A FIFO is a kernel object that implements a traditional first in, first out (FIFO) queue, allowing threads and ISRs to add and remove data items of any size.

Concepts

Any number of FIFOs can be defined (limited only by available RAM). Each FIFO is referenced by its memory address.

A FIFO has the following key properties:

  • A queue of data items that have been added but not yet removed. The queue is implemented as a simple linked list.

A FIFO must be initialized before it can be used. This sets its queue to empty.

FIFO data items must be aligned on a word boundary, as the kernel reserves the first word of an item for use as a pointer to the next data item in the queue. Consequently, a data item that holds N bytes of application data requires N+4 (or N+8) bytes of memory. There are no alignment or reserved space requirements for data items if they are added with k_fifo_alloc_put(), instead additional memory is temporarily allocated from the calling thread’s resource pool.

Note

FIFO data items are restricted to single active instance across all FIFO data queues. Any attempt to re-add a FIFO data item to a queue before it has been removed from the queue to which it was previously added will result in undefined behavior.

A data item may be added to a FIFO by a thread or an ISR. The item is given directly to a waiting thread, if one exists; otherwise the item is added to the FIFO’s queue. There is no limit to the number of items that may be queued.

A data item may be removed from a FIFO by a thread. If the FIFO’s queue is empty a thread may choose to wait for a data item to be given. Any number of threads may wait on an empty FIFO simultaneously. When a data item is added, it is given to the highest priority thread that has waited longest.

Note

The kernel does allow an ISR to remove an item from a FIFO, however the ISR must not attempt to wait if the FIFO is empty.

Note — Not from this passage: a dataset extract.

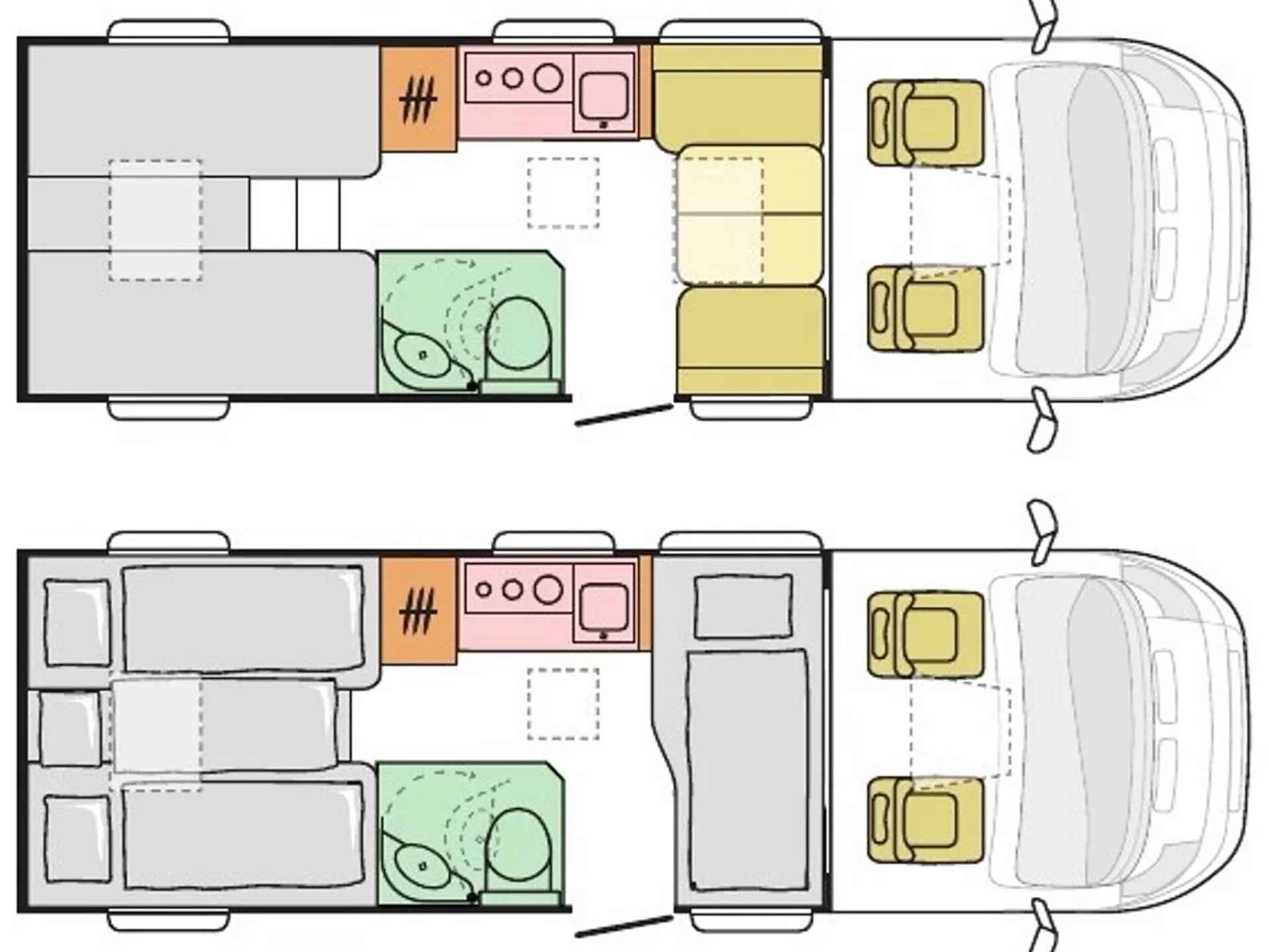 Adria Compact Plus DL 160 pk AUTOMAAT 9-Traps Euro6 Fiat Ducato **Enkele lengtebedden/4 zitplaatsen/4 slaapplaatsen/Face to Face/Luife - 5/16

If desired, multiple data items can be added to a FIFO in a single operation if they are chained together into a singly-linked list. This capability can be useful if multiple writers are adding sets of related data items to the FIFO, as it ensures the data items in each set are not interleaved with other data items. Adding multiple data items to a FIFO is also more efficient than adding them one at a time, and can be used to guarantee that anyone who removes the first data item in a set will be able to remove the remaining data items without waiting.

Implementation

Defining a FIFO

A FIFO is defined using a variable of type k_fifo. It must then be initialized by calling k_fifo_init().

The following code defines and initializes an empty FIFO.

struct k_fifo my_fifo;

k_fifo_init(&my_fifo);

Alternatively, an empty FIFO can be defined and initialized at compile time by calling K_FIFO_DEFINE.

The following code has the same effect as the code segment above.

K_FIFO_DEFINE(my_fifo);

Writing to a FIFO

A data item is added to a FIFO by calling k_fifo_put().

The following code builds on the example above, and uses the FIFO to send data to one or more consumer threads.

struct data_item_t {
    void *fifo_reserved;   /* 1st word reserved for use by FIFO */
    ...
};

struct data_item_t tx_data;

void producer_thread(int unused1, int unused2, int unused3)
{
    while (1) {
        /* create data item to send */
        tx_data = ...

        /* send data to consumers */
        k_fifo_put(&my_fifo, &tx_data);

        ...
    }
}

Additionally, a singly-linked list of data items can be added to a FIFO by calling k_fifo_put_list() or k_fifo_put_slist().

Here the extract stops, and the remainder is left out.